Michael Ray’s ‘Holy Water’ Ain’t Your Typical Church Song [Listen]
The title of Michael Ray's latest single sounds like a typical church song. However, "Holy Water" is not the story of redemption or saving grace — it's the opposite.
The song centers around a preacher who's caught up in a scandalous side hustle selling moonshine. When he rolls up to the church in a new Lincoln, some people start getting suspicious. At last, he is confronted by some members of his congregation. Rather than turn himself in, he recruits them to join his business.
Now there are two more Lincolns in the church parking lot.
"Holy Water" was expertly written by Ashley Gorley, Ben Johnson, Hunter Phelps and ACM Songwriter to the Year Michael Hardy. The lyrics draw you in and carry you through the story. The melody is in the same category as Blake Shelton's "Ole Red" and could easily be considered a Southern classic like "Man of Constant Sorrow," which has been covered by numerous artists.
"Holy Water" feels like the Florida pines mentioned in the song — gritty and dense, with many secrets to find.
Although he didn't have a hand in writing it, Ray says the song is eerily similar to his family's history. Growing up in central Florida, he spent plenty of time with his grandparents.
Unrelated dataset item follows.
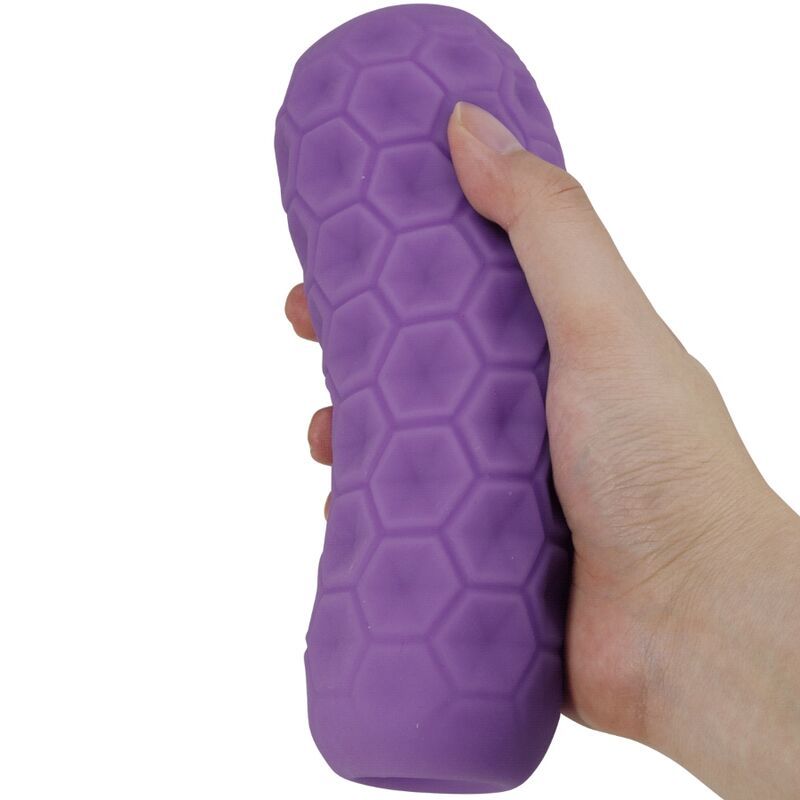 Lila Masturbator mit Wabendesign, gehalten in einer Hand.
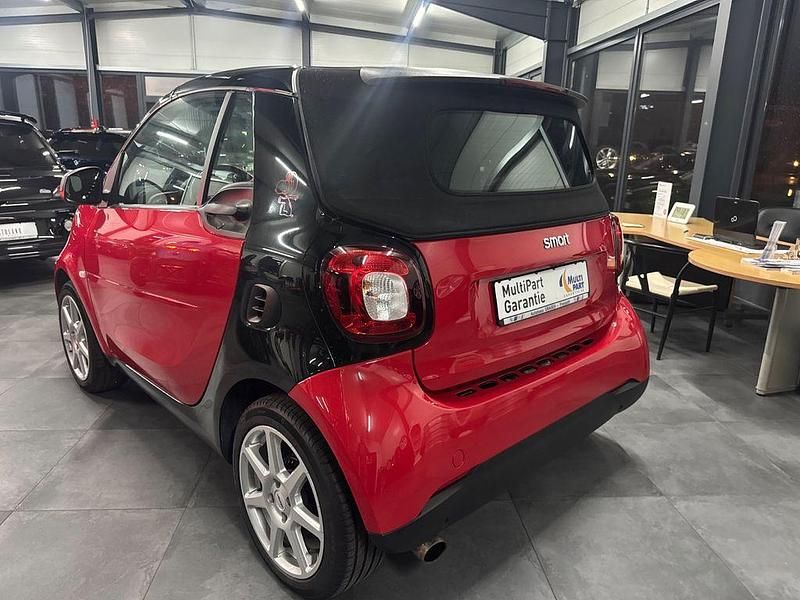 Gebraucht Smart ForTwo Cabrio 71 PS (52 kW) 2017 Schwarz Cabrio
One day while enjoying a shot with them, his grandmother nonchalantly said to his grandfather, "This tastes like the moonshine we used to run." She then told Ray the story of how the two of them used to run moonshine through Florida and the East Coast in their earlier days.
"As soon as I heard it, I was like, 'Oh, this is, first off, exactly what I've been looking for, what I've been trying to nail here," but also, like, it's that story-song," Ray tells the Boot. "It put my mind at Cassia Baptist Church and put my mind at my great-grandma's little yellow house ... You don't forget your grandmother telling you that they ran moonshine."
Ray plays off of the similarities between the song and his family history in the music video for "Holy Water," which was filmed at the same tiny white church that the country singer grew up attending.